The Deschutes Basin, a watershed spanning central Oregon, is one of countless regions across the American West experiencing an increasing demand for water amid a rapidly decreasing supply. The human population in the Deschutes has the fastest growth rate of any county in Oregon, but while municipal demand has skyrocketed, available surface water supplies are already over-allocated. In addition, during the spring and summer irrigation season, water diversions cause a dramatic reduction in the Deschutes River’s flow, contributing to degraded fish habitat and poor water quality.

The Deschutes is emblematic not only for its water supply concerns. The basin is also nationally renowned for having undertaken an innovative approach to solving its water distribution problems. In 2001, tribal members, irrigation district managers, and environmental proponents came together and established a water market for managing and distributing the basin’s fresh water supply. Since the inception of the Deschutes Water Bank, water marketing has become increasingly popular across the American West and the Deschutes has served as a model for many of these initiatives.

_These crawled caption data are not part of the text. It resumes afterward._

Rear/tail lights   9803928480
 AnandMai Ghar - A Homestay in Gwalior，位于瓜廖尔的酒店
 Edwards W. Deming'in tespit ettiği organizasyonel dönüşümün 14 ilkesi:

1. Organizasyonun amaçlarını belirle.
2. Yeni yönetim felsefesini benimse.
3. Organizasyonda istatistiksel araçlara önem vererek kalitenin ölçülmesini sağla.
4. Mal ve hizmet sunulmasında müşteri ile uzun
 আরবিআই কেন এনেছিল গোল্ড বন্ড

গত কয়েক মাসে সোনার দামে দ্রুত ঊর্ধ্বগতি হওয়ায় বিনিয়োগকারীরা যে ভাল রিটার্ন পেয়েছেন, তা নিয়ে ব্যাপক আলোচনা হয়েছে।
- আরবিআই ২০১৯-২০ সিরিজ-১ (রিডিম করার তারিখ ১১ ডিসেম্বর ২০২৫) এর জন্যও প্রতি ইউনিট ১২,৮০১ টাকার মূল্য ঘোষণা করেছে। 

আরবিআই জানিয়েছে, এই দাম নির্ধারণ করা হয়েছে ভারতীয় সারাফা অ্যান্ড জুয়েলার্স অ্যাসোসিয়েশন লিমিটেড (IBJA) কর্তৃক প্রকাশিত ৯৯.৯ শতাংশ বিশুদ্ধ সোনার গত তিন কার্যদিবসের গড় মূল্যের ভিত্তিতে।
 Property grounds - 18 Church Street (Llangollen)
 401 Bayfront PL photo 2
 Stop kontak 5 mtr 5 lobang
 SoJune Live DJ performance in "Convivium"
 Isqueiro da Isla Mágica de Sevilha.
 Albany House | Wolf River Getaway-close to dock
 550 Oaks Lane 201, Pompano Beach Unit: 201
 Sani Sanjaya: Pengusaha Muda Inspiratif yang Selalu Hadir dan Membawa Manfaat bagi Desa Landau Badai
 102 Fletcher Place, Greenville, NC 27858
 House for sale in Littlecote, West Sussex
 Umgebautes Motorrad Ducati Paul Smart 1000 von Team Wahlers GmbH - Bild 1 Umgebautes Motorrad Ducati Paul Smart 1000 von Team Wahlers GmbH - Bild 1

My dissertation examines the ways in which more-than-human encounters matter when it comes to natural resource politics. In foregrounding the commodification of local waters, current management strategies tend to overlook the everyday practices and encounters that are central to waters’ movement through the landscape. I turn to theories of affect and emotion in order to demonstrate that how we know, feel, and relate to local waters and to local politics is central to our water management practices and key to understanding and participating in equitable water policies.